According to figures provided by water minister Pemmy Majodina and reported in the Sunday Times, SA’s various water boards are making it rain as they get deluged with R50m a year, with some board members earning (or at least being paid) up to R100,000 per meeting.
The story was framed as something of a scandal, no doubt to the satisfaction of the MK party’s Visvin Reddy, who winkled the numbers out of the minister as part of his ongoing campaign to have her fired. One can understand the alarm: paying someone R100,000 to nod just often enough to look as if they’re keeping up while they secretly Google “Is rain made by God or is there a factory?” doesn’t feel like the bleeding edge of administrative best practice.
And that’s to say nothing of the absurdity of paying tens of millions to people to guarantee ongoing failure. At this point most of SA’s water boards look less like administrative bodies than one of those plastic steering wheels you give a toddler so it can pretend to be driving the car.
Of course, at the risk of angering exhausted taxpayers and Reddy, it should be pointed out that, at least by SA standards, this is a fairly small scandal. In a country that can blow more than R150m a week on unauthorised, irregular and fruitless and wasteful expenditure, paying people R50m for a whole year of warming a chair feels like a fairly good deal.
I mean, at least those meetings actually happened. Granted, they mostly focused on deciding the date and menu for the next meeting; and yes, most attendees were just there to make sure nobody tried to demoralise the collective by asking if anyone has checked how they do it in the Western Cape. But still, at least we’re getting if not a bang for our buck, at least a very small pop.
It’s also worth reminding readers that the circumstances of this latest exposé are tainted with a whiff of hypocrisy. Reddy might be right in his condemnation of SA’s water management, but as a member of Jacob Zuma’s MK party he is working for a man who led a party and a state defined by a refusal to do basic maintenance while entrenching a deep contempt for both taxpayers and anything resembling efficiency, all in the service of short-term personal enrichment. If SA’s water boards are collections of stuffed suits whose only demonstrable skill is gouging taxpayers, then Zuma is as much to blame as Majodina or Cyril Ramaphosa.

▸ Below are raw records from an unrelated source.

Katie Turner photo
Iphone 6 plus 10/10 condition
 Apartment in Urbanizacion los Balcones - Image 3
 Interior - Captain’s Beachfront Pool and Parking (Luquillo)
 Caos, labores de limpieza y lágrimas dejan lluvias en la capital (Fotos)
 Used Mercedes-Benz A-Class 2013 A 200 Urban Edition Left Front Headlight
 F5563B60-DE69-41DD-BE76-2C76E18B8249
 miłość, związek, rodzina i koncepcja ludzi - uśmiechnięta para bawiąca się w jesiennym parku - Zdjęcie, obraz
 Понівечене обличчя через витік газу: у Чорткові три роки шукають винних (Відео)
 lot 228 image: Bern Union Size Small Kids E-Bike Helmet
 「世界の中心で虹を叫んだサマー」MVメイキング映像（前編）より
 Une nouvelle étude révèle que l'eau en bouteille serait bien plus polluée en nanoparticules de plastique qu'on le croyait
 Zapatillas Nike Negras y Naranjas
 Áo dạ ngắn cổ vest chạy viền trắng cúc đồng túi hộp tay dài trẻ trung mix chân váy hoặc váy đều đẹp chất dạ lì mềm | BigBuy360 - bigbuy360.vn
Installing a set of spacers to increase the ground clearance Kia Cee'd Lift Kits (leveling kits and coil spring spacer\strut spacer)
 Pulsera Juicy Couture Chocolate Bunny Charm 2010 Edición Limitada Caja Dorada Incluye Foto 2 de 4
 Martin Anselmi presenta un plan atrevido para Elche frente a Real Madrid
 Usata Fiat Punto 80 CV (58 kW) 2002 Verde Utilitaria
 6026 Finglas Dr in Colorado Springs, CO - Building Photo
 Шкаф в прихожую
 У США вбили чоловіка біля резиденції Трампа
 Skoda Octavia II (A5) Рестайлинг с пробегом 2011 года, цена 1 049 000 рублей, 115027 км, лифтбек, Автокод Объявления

Still, blame is only useful if it leads to change, and small scandals can become immense if they are repeated thousands of times. For now, change seems unlikely. Like so many South Africans who live on top of knackered water infrastructure leaking millions of litres into the clay every day, this state sits on a vast, gnarled, rusted, hopelessly interlinked network of patronage and extraction, pumping money down into the dark where it leaks out of hundreds of bent or crooked conduits into the pockets of a select few.
It can’t all be dug up and thrown away: the chaos would overwhelm all of us. Then again, replacing a length at a time might get us there eventually, and there’s an election next year ...
• Eaton is an Arena Holdings columnist.